(Short text fragments from websites)

----

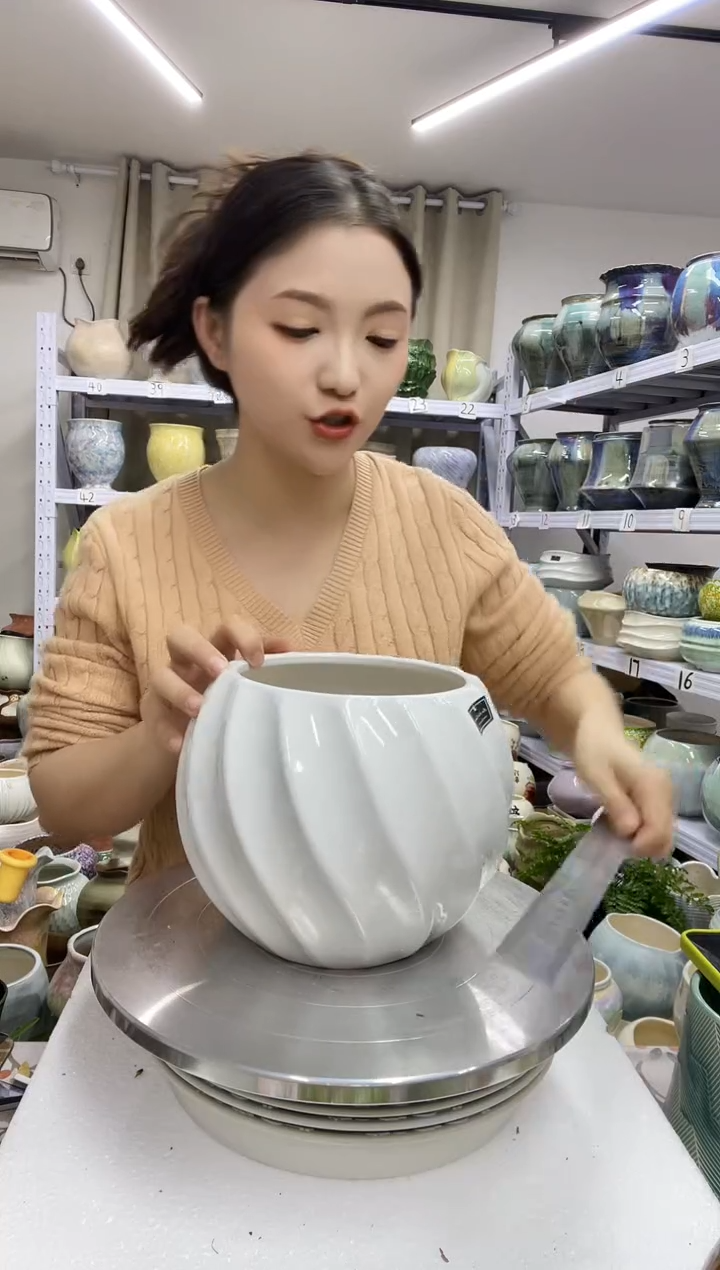 【12.18】花盆链接 高：15  口：13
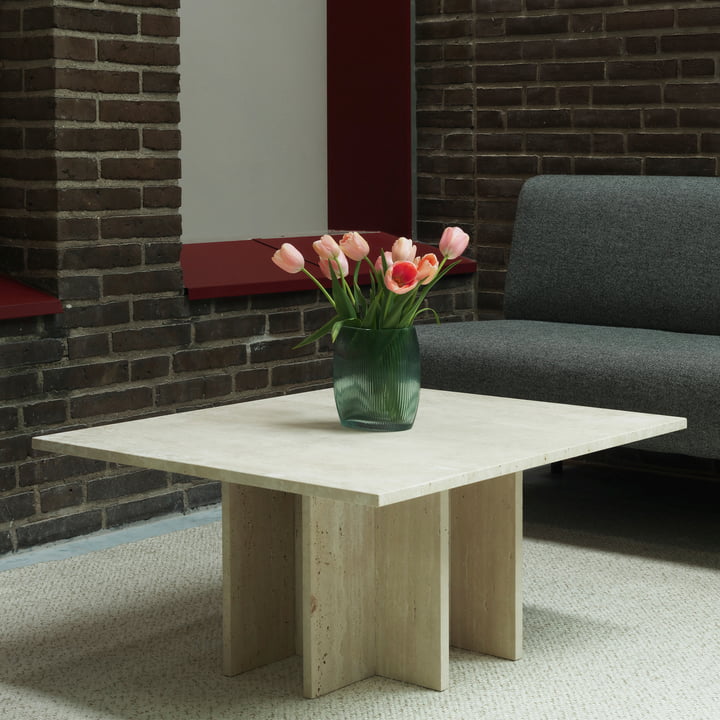 Edge Couchtisch, large, travertine von Normann Copenhagen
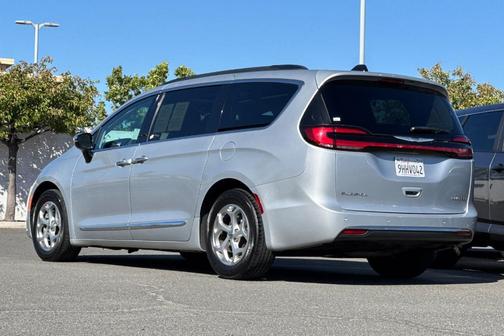 Silver Mist Clearcoat 2023 Chrysler Pacifica Limited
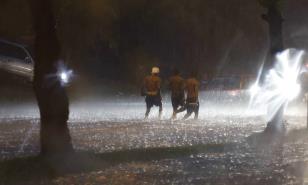 Ciclón tropical: Dominicanos salen disfrutar de las lluvias en las calles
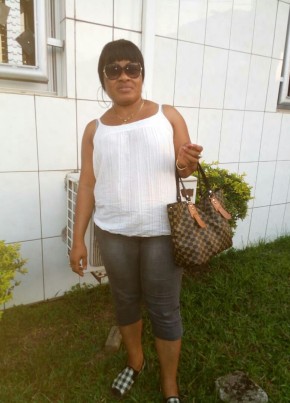 Laurelle, 50, Republic of Cameroon, Douala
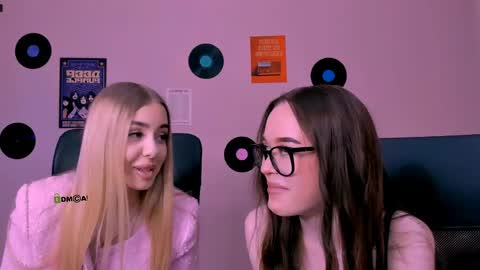 Snapshot of viola_sweet_ chatting on 05/13/26, 08:34 viola_sweet_ online show from 05/13/26, 08:34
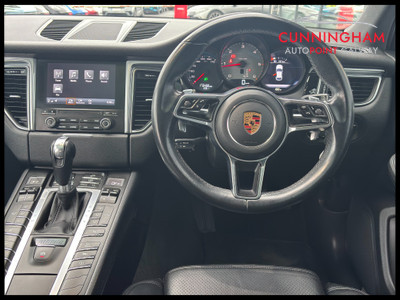 2017 Porsche Macan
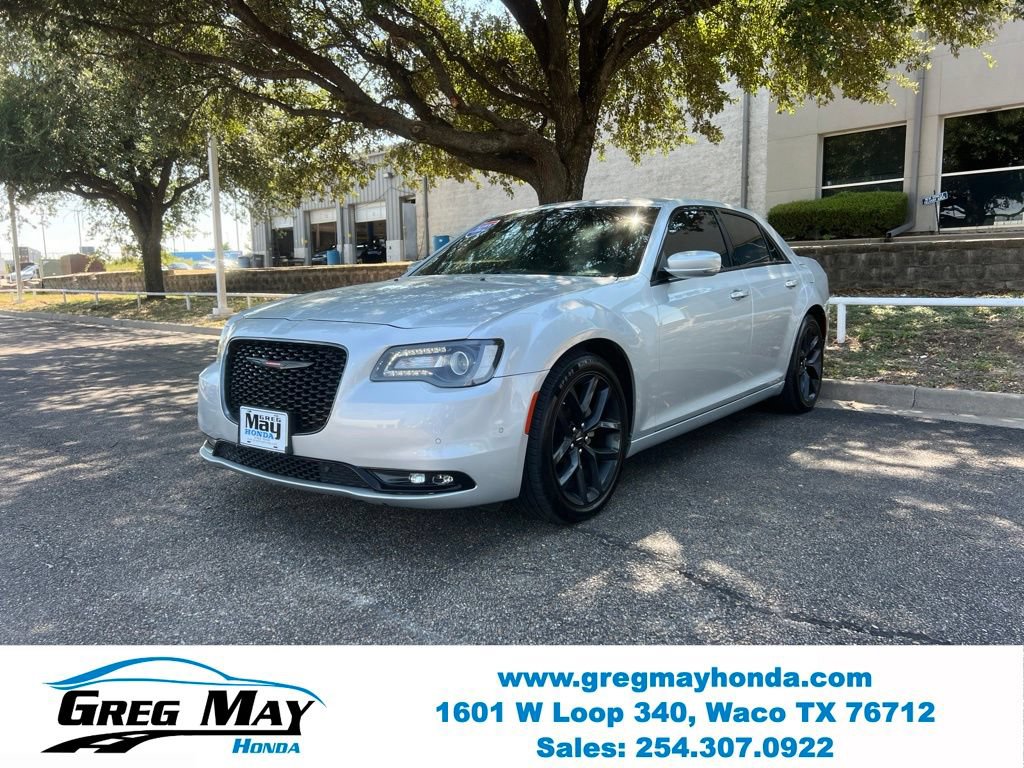 Used 2022 Chrysler 300 S RWD image 3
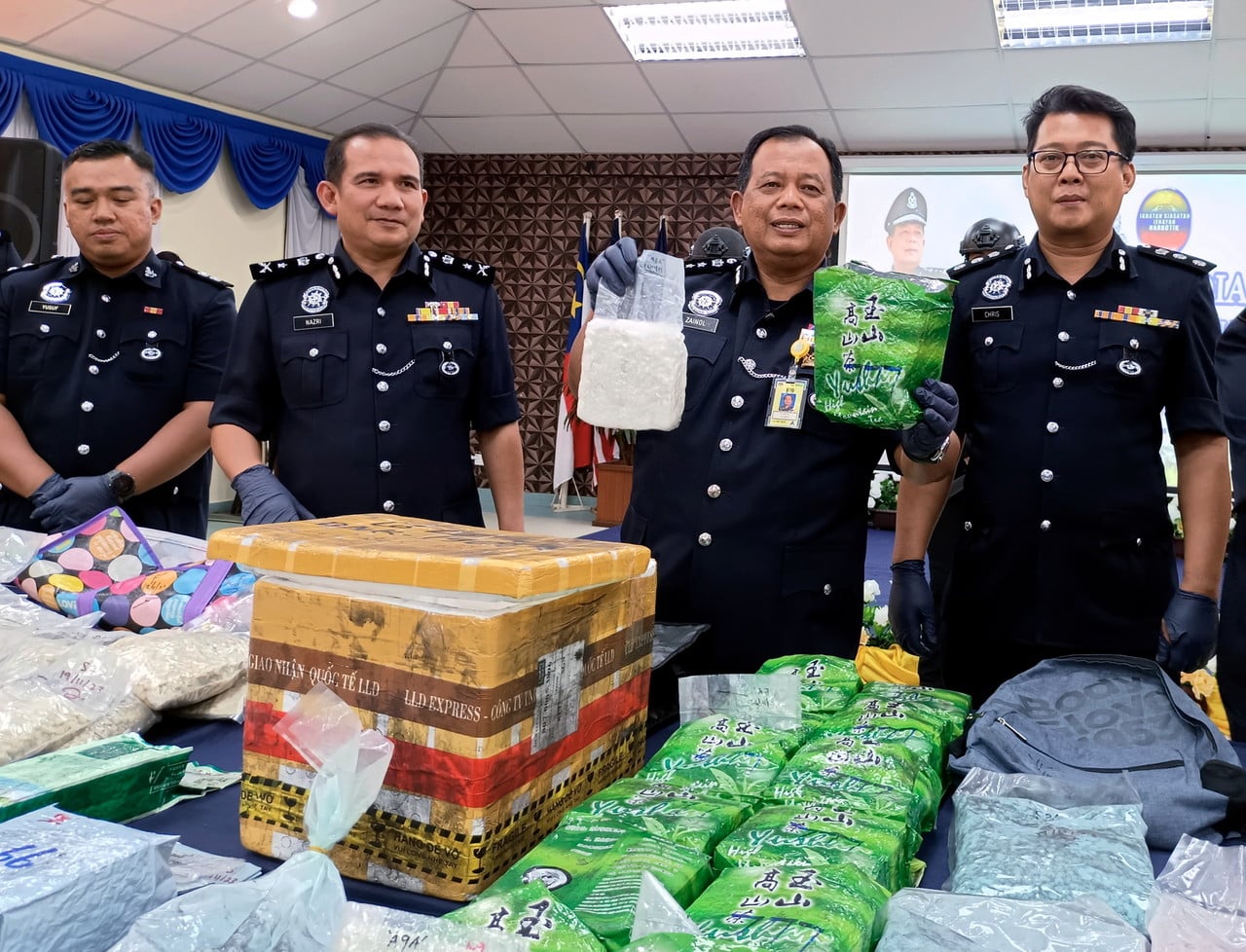 Police Bust Melaka Drug Trafficking Ring Seize Drugs Worth Rm Mln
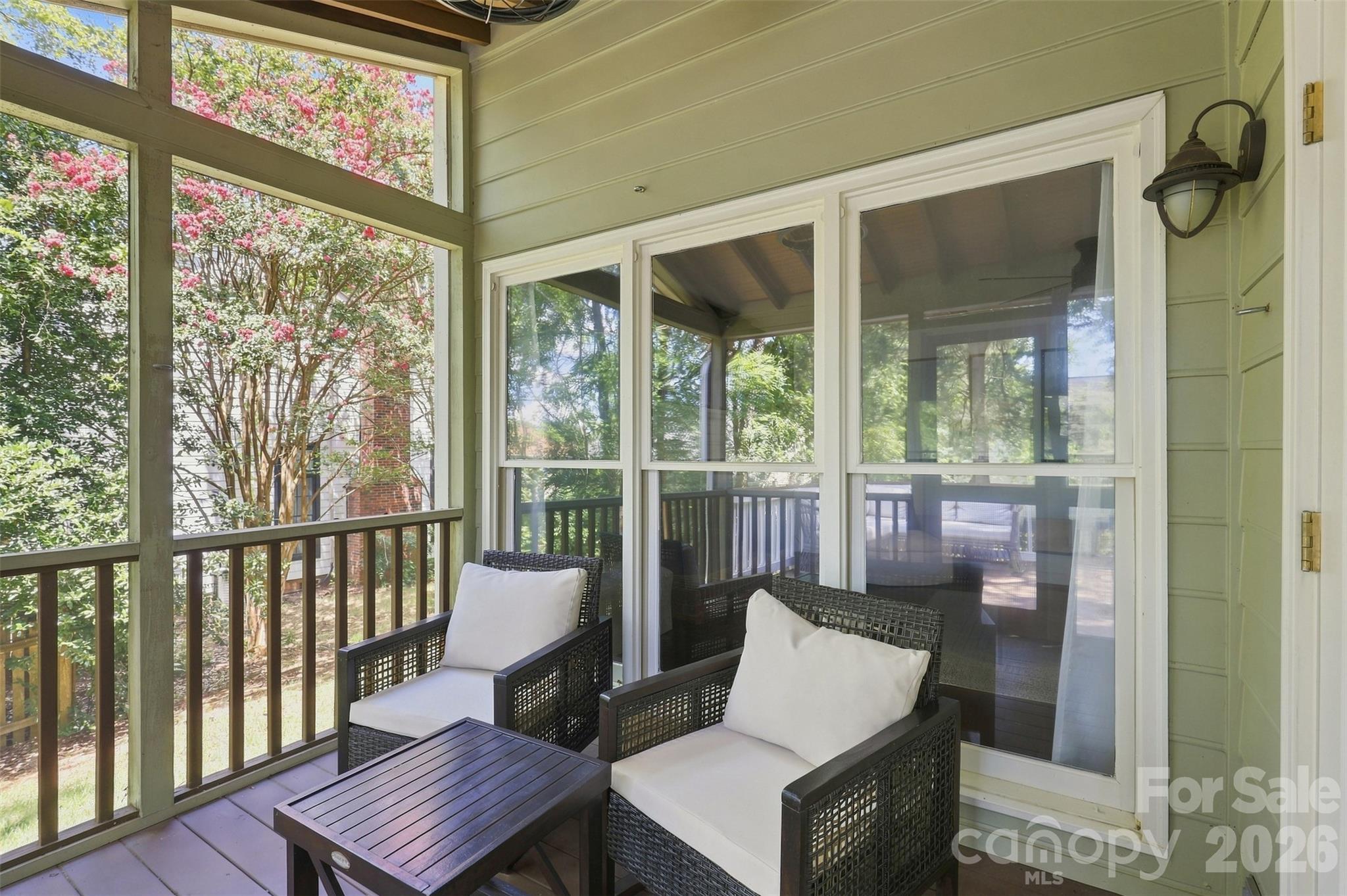 6813 Wolf Run Drive Property Photo 32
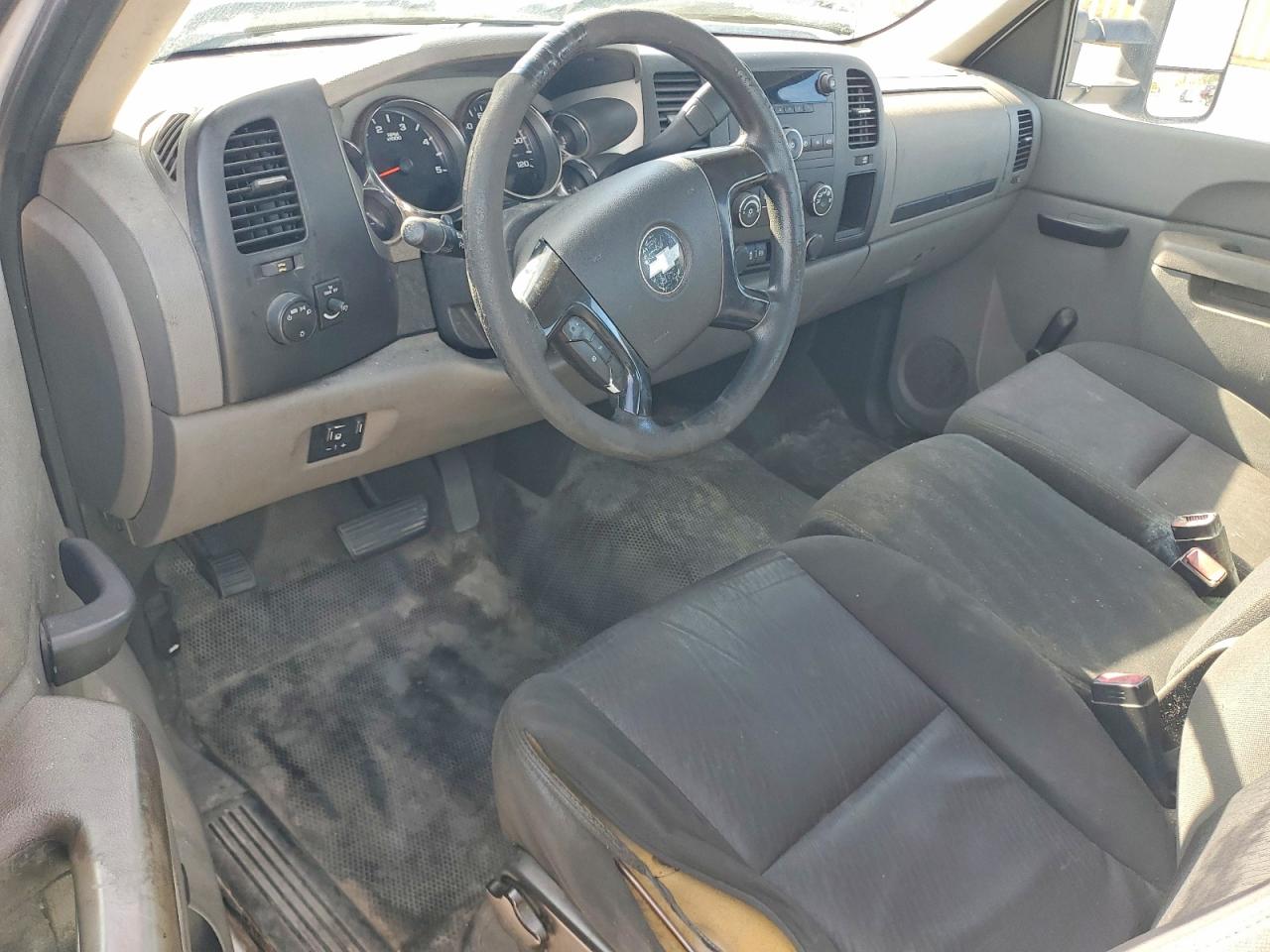 2012 Chevrolet Silverado C2500 Heavy Duty White vin: 1GC0CVC80CF172231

----

Task directions
Could you output the full set of entries exactly, skipping every picture?

Completed exercise
 【12.18】花盆链接 高：15  口：13
 Edge Couchtisch, large, travertine von Normann Copenhagen
 Silver Mist Clearcoat 2023 Chrysler Pacifica Limited
 Ciclón tropical: Dominicanos salen disfrutar de las lluvias en las calles
 Laurelle, 50, Republic of Cameroon, Douala
 Snapshot of viola_sweet_ chatting on 05/13/26, 08:34 viola_sweet_ online show from 05/13/26, 08:34
 2017 Porsche Macan
 Used 2022 Chrysler 300 S RWD image 3
 Police Bust Melaka Drug Trafficking Ring Seize Drugs Worth Rm Mln
 6813 Wolf Run Drive Property Photo 32
 2012 Chevrolet Silverado C2500 Heavy Duty White vin: 1GC0CVC80CF172231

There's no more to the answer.